Lapas dan rutan memiliki klinik kesehatan, namun klinik ini tentunya tidak dapat berfungsi sebagaimana layaknya puskesmas atau rumah sakit dengan fasilitas dan anggaran operasionalnya. Karena lapas dan rutan berada di wilayah kabupaten atau kota, dan Kanwil Departemen Hukum dan HAM berada di tingkat provinsi, maka kepala UPT pemasyarakatan diharapkan berperan untuk mengkoordinasikan pelayanan kesehatan dengan pemerintah kota/kabupaten. Lapas dan rutan bersama dinas kesehatan dan jajarannya diharapkan dapat menjalin hubungan kerja sesuai tugas dan fungsinya masing-masing. Dengan demikian, maka anggaran, perencanaan, dan pembinaan teknis upaya-upaya pelayanan kesehatan di lapas dan rutan dapat terlaksana dan berkesinambungan.
Di tingkat kantor wilayah atau provinsi juga diharapkan terjadi perpaduan tersebut. Sesuai dengan peran utamanya, divisi pemasyarakatan kanwil melakukan koordinasi dan bimbingan teknis pelayanan kesehatan melalui kerja sama dengan dinas kesehatan provinsi beserta jajarannya. Dengan kata lain, untuk ‘bidang pemasyarakatan’ tiap-tiap tingkatan instansi bekerja secara vertikal, namun untuk ‘bidang layanan kesehatan’ bekerja secara horizontal.
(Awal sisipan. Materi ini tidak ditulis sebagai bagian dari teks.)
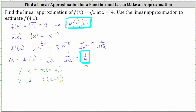Let's go ahead and write the equation in slope-intercept form by distributing on the right and then adding two to both sides. This gives us y minus two equals, distributing 1/4, we have 1/4 x, and then 1/4 times negative four is negative one. Adding two to negative one gives us positive one, so we have the linear equation y equals 1/4 x plus one.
Sehingga apa yang tertulis dalam paragraf penutup Ringkasan Eksekutif Strategi Penanggulangan HIV-AIDS dan Penyalahgunaan Narkoba pada Lembaga Pemasyarakatan dan Rumah Tahanan Negara di Indonesia 2005-2009, Ditjen Pemasyarakatan Departemen Hukum dan HAM RI dan yang menjadi kewajiban negara ini dapat terwujud sebagaimana tertulis di bawah ini:
“Selanjutnya, narapidana/tahanan yang menderita sakit mendapatkan hak pelayanan kesehatan serta dapat mengikuti kegiatan baik di bidang bimbingan hukum maupun bidang pelayanan sosial di lapas/rutan.”